The 50-year-old Christian mother of three was picking phalsa berries under the blistering sun when her thirst compelled her to find water at a nearby well. A bitter Muslim neighbor charged that she “contaminated” the entire “Muslim well” of water by dipping her cup in for refreshment.
After her “infraction” in 2009, Bibi determined to defend her faith, something her Christian parents argued against because religious minorities do not fare well in Pakistan, which is 97 percent Muslim.
When Bibi was confronted at the well by other women challenging her faith, she said: “I’m not going to convert. I believe in my religion and in Jesus Christ, who died on the cross for the sins of mankind.” she recounted in her memoir about the incident, Blasphemy, which was dictated to her husband and then carried out of Pakistan by a French journalist.
“What did your Prophet Mohammed ever do to save mankind? And why should it be me that converts instead of you?” she asked.
These words riled the other women at the well, who spat on her and beat her and stole her phalsa berries. They hurled venomous charges: “You’re just a filthy Christian! You’ve contaminated our water and now you dare speak for the Prophet! Stupid b____, your Jesus didn’t even have a proper father — he was a bastard, don’t you know that?”
Their confrontation offers a striking contrast to Jesus offering Living Water to the woman at the well.
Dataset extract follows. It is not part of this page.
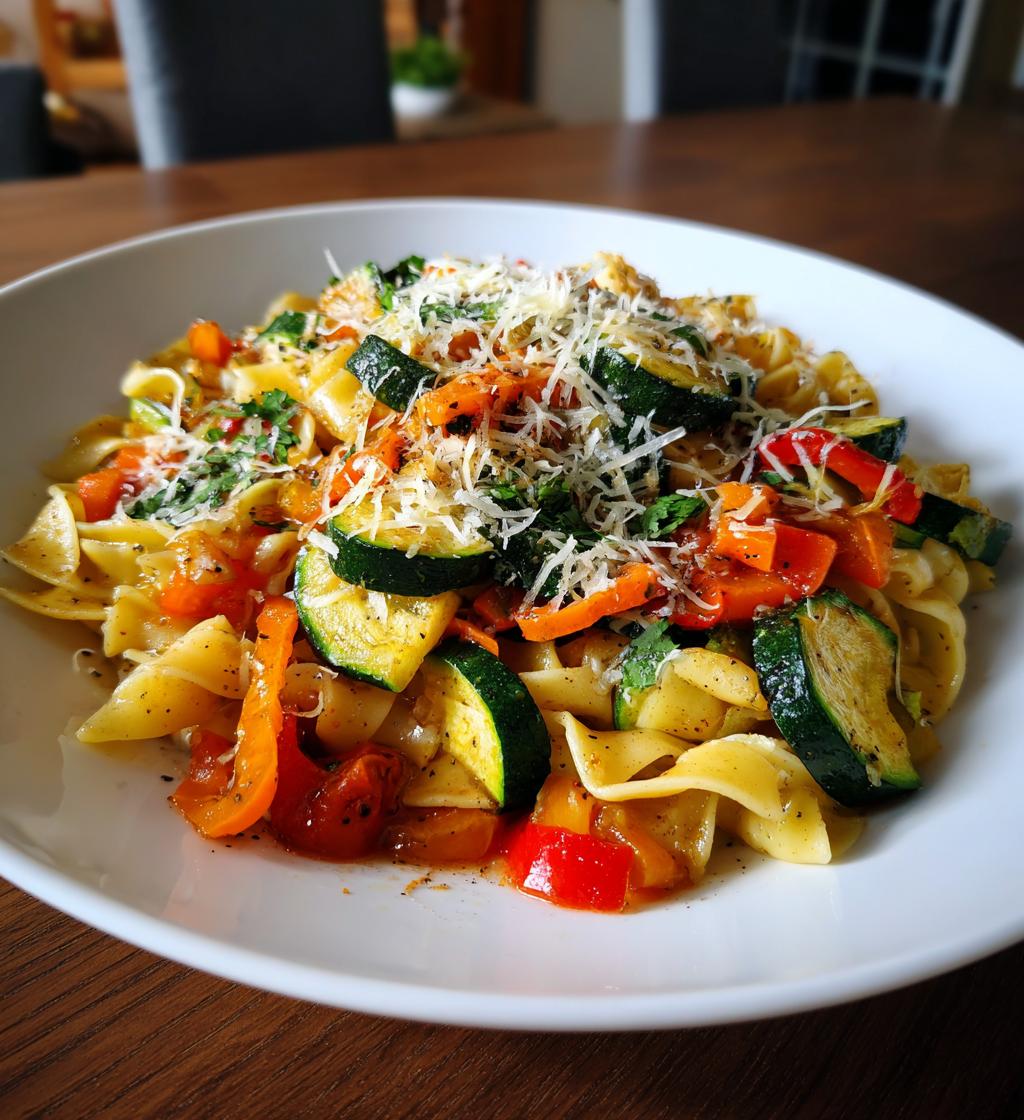 schnelle vegetarische gerichte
Five days later, Bibi was picking in another field near her village in Central Pakistan when a mob approached shouting “Death! Death to the Christian!”
“Someone hit me in the face. My nose really hurt and I was bleeding,” she recalls. “They dragged me along, semi-conscious, like a stubborn donkey. I could only submit and pray that it would all stop soon. I looked at the crowd, apparently jubilant that I’d put up so little resistance. I staggered as the blows rained down on my legs, my back and the back of my head. I told myself that when we got to the village perhaps my sufferings would be over. But when we arrived there it was worse: there were even more people and the crowd turned more and more aggressive, calling all the louder for my death.”
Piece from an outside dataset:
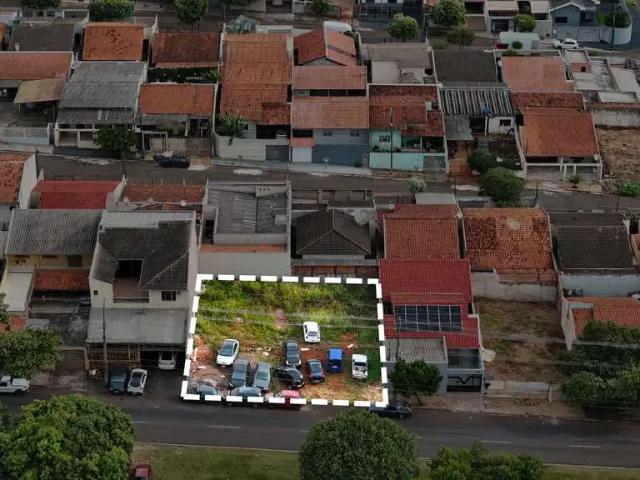 Terreno comercial para Venda em Londrina/PR Jardim das Palmeiras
The rioters turned Bibi over to a village imam who demanded she convert to Islam or die to atone for her blasphemy. Declaring her innocence, Bibi refused to deny her Savior. She was hauled off, nearly unconscious, to the police station in Nankana Sahib. The officer failed to treat her bleeding wounds and treated her with contempt. She requested they treat her wounds, and he threw a dirty rag at her.
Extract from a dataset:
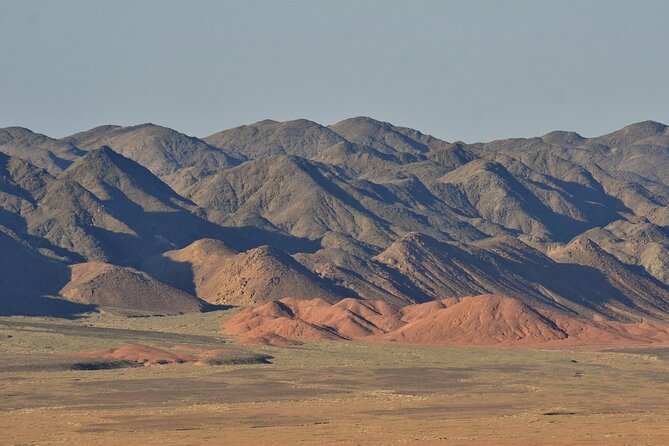 Private trip to wadi el Gemal from Marsa Alam - Wadi El Gemal’s “Different” Feel, Coast-to-Desert in One Day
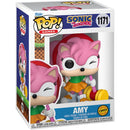 Funko Pop! Sonic the Hedgehog: Amy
“Don’t get your blood everywhere,” he sneered.
Since that day, Bibi has been in jail. Recent reports from her family indicate she has been vomiting blood and was refused medical attention, according to ASSIST news service.
An online petition for her release had surpassed half a million signatures, enough to embarrass Pakistani authorities, who have not carried out the 2010 death sentence but have left her languishing in prison. Some observers suspect the Pakistani government hopes she’ll die in jail, to appease local Muslims without angering foreign nations any further.
Meanwhile, two government officials who argued in her favor were shot and killed by extremists. Salmaan Taseer, the governor of the Punjab, and Shahbaz Bhatti, national minorities’ minister and the only Christian in the Pakistan cabinet at the time, were both assassinated in 2011.
“People who stand up for Asia Bibi in Pakistan put their lives at risk.” said Emily Clarke, who organized the petition for her release. “Two politicians were killed for speaking out against Pakistan’s barbaric blasphemy laws”
A Pakistani court found Bibi guilty of blasphemy under Article 295C of Pakistan’s penal laws, which impose a
death sentences for defamation of Mohammed, Islam’s founder and chief prophet.
“It is important we do everything we can to get real justice for Asia Bibi and save her life,” said Neville Kyrke-Smith, national director of Aid to the Church in Need UK . “We need the UK government and international community to get behind her plight as well as continuing to encourage the Pakistani authorities for a fair review of the case.”
International pressure may save Bibi from the gallows, but she is deteriorating in a windowless cell.
“I am the victim of a cruel, collective injustice,” Bibi says. “I’ve been locked up, handcuffed and chained, banished from the world and waiting to die. I don’t know how long I’ve got left to live. Every time my cell door opens my heart beats faster. My life is in God’s hands and I don’t know what’s going to happen to me. It’s a brutal, cruel existence. But I am innocent. I’m guilty only of being presumed guilty. I’m starting to wonder whether being a Christian in Pakistan today is not just a failing, or a mark against you, but actually a crime.”
Anthony Gutierrez is a student at the Lighthouse Christian Academy in Santa Monica.